‘Wie zorgt er straks voor mij als ik oud ben?’ Dat is een vraag die de nu nog vitale zestigers zich anno 2018 gerust mogen stellen. Het aantal 85 plussers in Nederland neemt naar verwachting toe van 344.000 in 2015 naar 854.000 in 2040[1].
Veel van deze toekomstige ‘oudere ouderen’, die nu begin zestig zijn, zullen ook in de toekomst voor een deel van hun ondersteuningsbehoefte afhankelijk zijn van mantelzorg. Wie die mantelzorg tegen die tijd gaan verlenen is nu nog niet te voorspellen, maar op basis van de regionale bevolkings- en huishoudensprognose 2016 van het Planbureau voor de Leefomgeving en het CBS kunnen we wel een inschatting maken van het demografische potentieel dat voor de mantelzorg beschikbaar is.
Eén cijfer voor het demografisch potentieel
We doen dat aan de hand van een indicator die zo’n tien jaar geleden door een drietal Zwitserse onderzoekers is geïntroduceerd onder de naam de oldest old support ratio.
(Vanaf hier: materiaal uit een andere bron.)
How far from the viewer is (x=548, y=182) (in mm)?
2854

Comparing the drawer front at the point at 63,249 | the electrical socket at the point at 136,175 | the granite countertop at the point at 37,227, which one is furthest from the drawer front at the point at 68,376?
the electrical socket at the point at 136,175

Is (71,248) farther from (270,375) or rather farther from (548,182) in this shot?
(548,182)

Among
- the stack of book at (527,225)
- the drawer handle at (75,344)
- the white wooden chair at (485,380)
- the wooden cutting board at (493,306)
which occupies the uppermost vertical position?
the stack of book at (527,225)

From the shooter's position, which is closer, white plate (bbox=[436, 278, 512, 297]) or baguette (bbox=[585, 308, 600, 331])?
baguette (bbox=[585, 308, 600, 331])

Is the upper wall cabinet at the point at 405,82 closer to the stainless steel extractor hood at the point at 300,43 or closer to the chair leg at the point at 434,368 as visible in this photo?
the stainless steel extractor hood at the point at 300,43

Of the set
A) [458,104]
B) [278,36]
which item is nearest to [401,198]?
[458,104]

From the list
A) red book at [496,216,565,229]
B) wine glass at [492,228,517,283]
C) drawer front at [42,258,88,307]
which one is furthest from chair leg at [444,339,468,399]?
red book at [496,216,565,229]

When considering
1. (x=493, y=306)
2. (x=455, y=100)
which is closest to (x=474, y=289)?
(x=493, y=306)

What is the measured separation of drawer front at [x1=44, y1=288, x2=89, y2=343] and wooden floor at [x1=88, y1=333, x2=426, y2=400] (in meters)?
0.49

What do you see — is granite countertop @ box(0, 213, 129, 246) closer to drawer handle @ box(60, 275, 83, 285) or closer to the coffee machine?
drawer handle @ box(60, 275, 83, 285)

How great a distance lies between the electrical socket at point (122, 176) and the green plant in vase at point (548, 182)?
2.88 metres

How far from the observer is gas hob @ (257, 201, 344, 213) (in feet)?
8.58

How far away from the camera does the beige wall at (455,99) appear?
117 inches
Deze indicator geeft de verhouding weer tussen het aantal 50-74-jarigen in een populatie versus het aantal 85-plussers (Robine, Michel, Hermann, 2007).
De gedachte daarachter is dat het vooral de ‘jongere ouderen’ van 50-74 jaar zijn die voor de oudste en meest kwetsbare ouderen van 85 jaar en ouder informeel zullen zorgen. Natuurlijk zal niet iedereen in de leeftijd van 50-74 jaar mantelzorg op zich nemen, maar de verhouding geeft het potentieel weer, de vijver waarin gevist kan worden.
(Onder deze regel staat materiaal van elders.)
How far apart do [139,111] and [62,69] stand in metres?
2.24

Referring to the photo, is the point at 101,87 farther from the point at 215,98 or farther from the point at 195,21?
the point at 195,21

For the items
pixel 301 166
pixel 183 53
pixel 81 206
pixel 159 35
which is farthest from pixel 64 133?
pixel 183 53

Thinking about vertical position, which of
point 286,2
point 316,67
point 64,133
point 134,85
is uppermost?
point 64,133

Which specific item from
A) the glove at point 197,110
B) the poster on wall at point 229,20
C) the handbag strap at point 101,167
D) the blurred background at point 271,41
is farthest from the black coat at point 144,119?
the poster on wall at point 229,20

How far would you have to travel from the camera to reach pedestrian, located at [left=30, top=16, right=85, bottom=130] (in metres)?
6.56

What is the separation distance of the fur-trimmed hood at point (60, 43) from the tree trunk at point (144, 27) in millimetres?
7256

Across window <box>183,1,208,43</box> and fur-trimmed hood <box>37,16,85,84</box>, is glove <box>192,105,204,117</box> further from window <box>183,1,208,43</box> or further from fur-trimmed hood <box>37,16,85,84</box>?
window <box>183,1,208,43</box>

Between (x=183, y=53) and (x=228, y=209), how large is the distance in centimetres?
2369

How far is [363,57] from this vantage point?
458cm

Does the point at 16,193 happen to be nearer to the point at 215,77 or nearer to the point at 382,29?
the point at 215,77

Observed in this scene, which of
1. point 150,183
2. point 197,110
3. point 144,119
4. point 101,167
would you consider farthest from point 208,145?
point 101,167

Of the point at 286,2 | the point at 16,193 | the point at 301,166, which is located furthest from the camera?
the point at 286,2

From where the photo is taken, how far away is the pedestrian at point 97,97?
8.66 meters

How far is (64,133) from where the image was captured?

Dat demografisch potentieel was in het verleden heel groot. Wereldwijd bedroeg de gemiddelde waarde van de oldest old support ratio in 1950 nog 76 (Herrmann, Michel, Robine, 2010). De afgelopen decennia is overal een daling opgetreden, maar in 2010 was het nog zo dat er wereldwijd voor elke 85-plusser minimaal tien potentiele jongere ouderen ‘beschikbaar’ waren. Naar verwachting daalt de oldest old support ratio voor 17 landen naar waarden onder de 5 in 2050, waarbij Japan met 3 de laagste waarde zal krijgen.
Hoe zit dat in ons land? Het Planbureau voor de Leefomgeving en het Sociaal en Cultureel Planbureau hebben samen gekeken naar de ontwikkeling in de oldest old support ratio voor de periode 1975-2040. Daarbij is zowel naar landelijke als naar regionale cijfers gekeken. De uitkomsten van de berekeningen zijn opmerkelijk[2].
Een bijzonder patroon
In 1975 is het oldest old support ratio overal vrij hoog maar door de gestage vergrijzing zet in de decennia erna een daling in. Vervolgens breekt er rond 1990 een vrij stabiele periode aan die ongeveer 30 jaar duurt. Het instromen van de naoorlogse geboortegolf in de leeftijdsklasse 50-74 jaar werkt in deze periode compenserend op de vergrijzing.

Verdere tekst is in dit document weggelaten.